Key Takeaways
- President Trump announced the termination of the U.S.-Iran peace memorandum during a NATO meeting in Turkey, causing crude oil prices to spike significantly.
- Brent crude climbed 5.5% to reach $78.24 per barrel; U.S. West Texas Intermediate increased approximately 3%.
- Iran’s IRGC claimed responsibility for attacks on 85 American military installations in Kuwait and Bahrain, plus downing a U.S. drone.
- Equity markets worldwide declined, with European indices falling 1.6% and U.S. futures dropping 0.8–1.2%.
- Washington cancelled a sanctions exemption that had permitted Iran to export oil globally, further constraining supply outlook.
Crude oil valuations surged more than 5% this Wednesday following President Donald Trump’s declaration that the understanding reached with Iran to conclude Gulf hostilities was “over.”

During his remarks at a NATO gathering in Turkey, Trump criticized Tehran for engaging in duplicitous behavior. “As far as I’m concerned, it’s over,” he declared, characterizing negotiations with Iran as “just a waste of time.”

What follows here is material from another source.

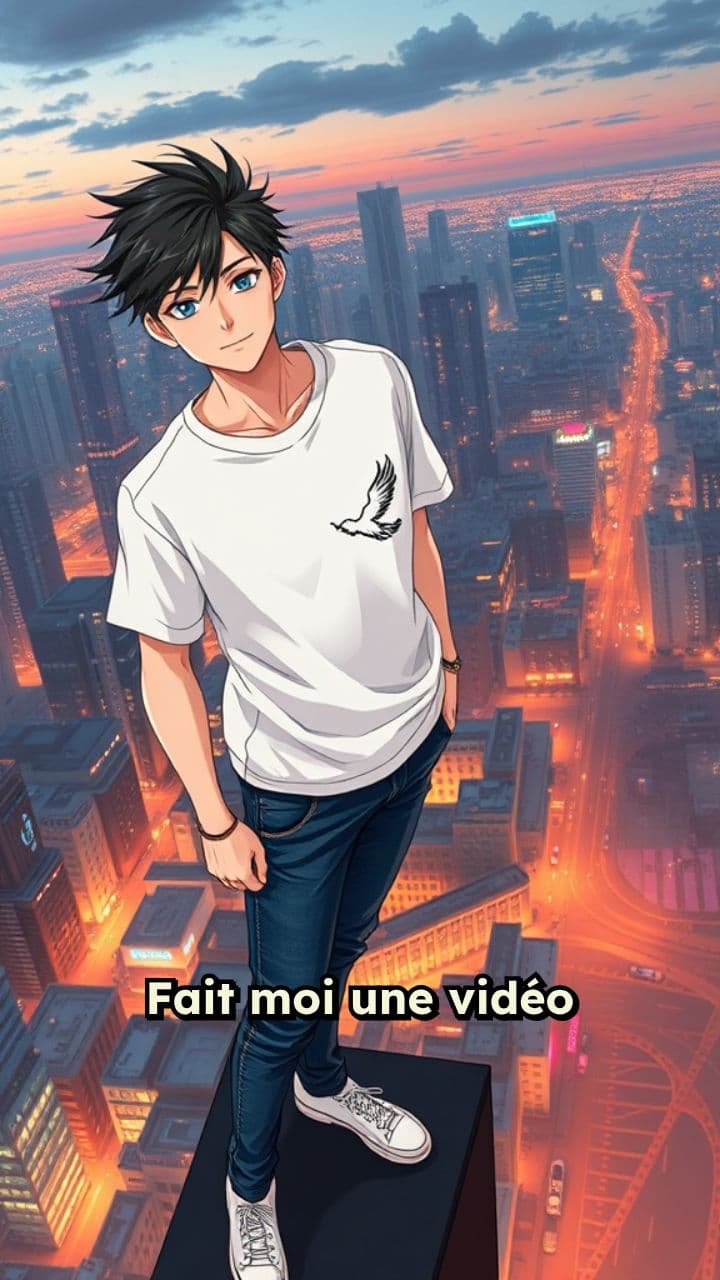 T-shirt Épique en Animation Japonaise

These statements sent shockwaves through financial markets already experiencing heightened anxiety following recent military confrontations between American and Iranian forces.
Brent crude futures surged 5.5% to reach $78.24 per barrel. U.S. West Texas Intermediate climbed roughly 3% to settle at $72.49 per barrel. This represents Brent’s most substantial single-session gain since the end of May.
Persian Gulf Military Confrontations Intensify
Iran’s Islamic Revolutionary Guards Corps announced it had targeted 85 American military facilities across Kuwait and Bahrain, while also destroying an American MQ-9 reconnaissance drone.
The Pentagon characterized its military operations as retaliatory measures in response to Iranian aggression against commercial shipping in the Strait of Hormuz. U.S. Central Command confirmed striking over 80 Iranian targets and approximately 60 Iranian small watercraft in and around the strategic waterway.
Tehran has declined to accept responsibility for Tuesday’s assaults on commercial vessels near Oman’s coastline, which affected a Saudi petroleum tanker and a Qatari ship transporting liquefied natural gas.
Discussions toward a lasting peace settlement are now reportedly on hold during funeral proceedings for former Iranian Supreme Leader Ayatollah Ali Khamenei, who perished during a combined U.S.-Israeli military operation against Iran in late February.
The Strait of Hormuz serves as the transit point for approximately one-fifth of global oil and LNG shipments. OCBC analysts suggested that while a complete return to armed conflict seems improbable given domestic political considerations ahead of November midterm elections, they emphasized that “no clear path to fully securing the Strait of Hormuz” currently exists.
The United States additionally withdrew a sanctions exemption that had previously enabled Iran to market oil on international markets, a decision that may further constrict global crude availability in coming weeks.
Equities Decline, Government Debt Yields Climb
The oil surge severely impacted worldwide financial markets. European equities dropped 1.6%, tracking toward the STOXX 600’s steepest single-day decline since mid-March. U.S. stock index futures descended between 0.8% and 1.2%.
The VIX volatility gauge jumped nearly 13%, marking its largest one-day increase in more than a month.
U.S. 10-year Treasury yields advanced to a one-month peak of 4.56%. German and Italian government bond yields similarly reached one-month highs.
Recently published data revealed U.S. Strategic Petroleum Reserve inventories fell to their lowest point since 1983, increasing market vulnerability to supply interruptions.
Semiconductor and artificial intelligence equities were experiencing downward pressure even before Trump’s remarks, as market participants reassessed elevated valuations. Samsung declined for a consecutive session despite announcing a 19-fold profit increase. Apprehension is mounting that memory chip consumption may decelerate during the year’s latter half.
The dollar strengthened throughout the trading session, lifting the euro marginally above $1.14. The Federal Reserve’s June policy meeting minutes are scheduled for release later Wednesday.